=== Source records ===
::::

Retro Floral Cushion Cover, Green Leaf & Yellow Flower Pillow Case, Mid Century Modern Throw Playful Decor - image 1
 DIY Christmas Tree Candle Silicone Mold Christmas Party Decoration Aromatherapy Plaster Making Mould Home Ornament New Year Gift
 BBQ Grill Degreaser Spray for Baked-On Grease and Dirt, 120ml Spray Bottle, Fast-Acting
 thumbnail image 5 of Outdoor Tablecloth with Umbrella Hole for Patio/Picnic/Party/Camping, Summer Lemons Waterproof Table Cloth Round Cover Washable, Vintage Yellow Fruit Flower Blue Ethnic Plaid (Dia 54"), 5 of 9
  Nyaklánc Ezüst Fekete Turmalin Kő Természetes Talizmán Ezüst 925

::::

=== Task ===
Note every line of the entries in which "Party" appears, and copy it down.

=== Solution for this task ===
 DIY Christmas Tree Candle Silicone Mold Christmas Party Decoration Aromatherapy Plaster Making Mould Home Ornament New Year Gift
 thumbnail image 5 of Outdoor Tablecloth with Umbrella Hole for Patio/Picnic/Party/Camping, Summer Lemons Waterproof Table Cloth Round Cover Washable, Vintage Yellow Fruit Flower Blue Ethnic Plaid (Dia 54"), 5 of 9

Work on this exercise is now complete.